◆ **Problem requirements**: Omit all pictures, then retype exactly the lines from the one that contains "Snapshot of tocixgi" through the end of the listing.

◆ **Provided data**:
☆ ☆ ☆

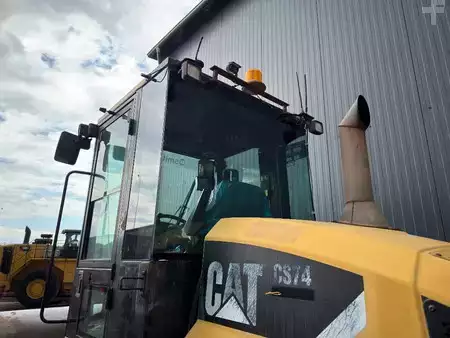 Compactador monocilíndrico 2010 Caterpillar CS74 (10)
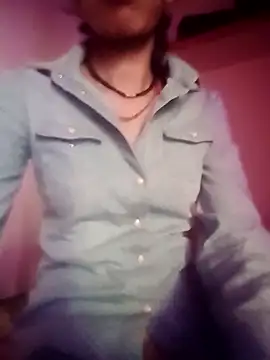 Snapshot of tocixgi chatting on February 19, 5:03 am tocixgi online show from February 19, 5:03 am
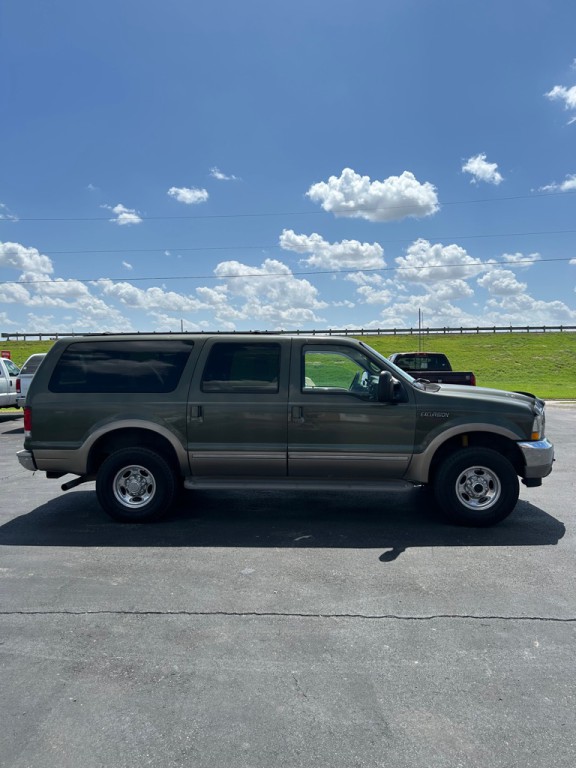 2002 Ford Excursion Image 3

☆ ☆ ☆

◆ **Finished exercise**:
 Snapshot of tocixgi chatting on February 19, 5:03 am tocixgi online show from February 19, 5:03 am
 2002 Ford Excursion Image 3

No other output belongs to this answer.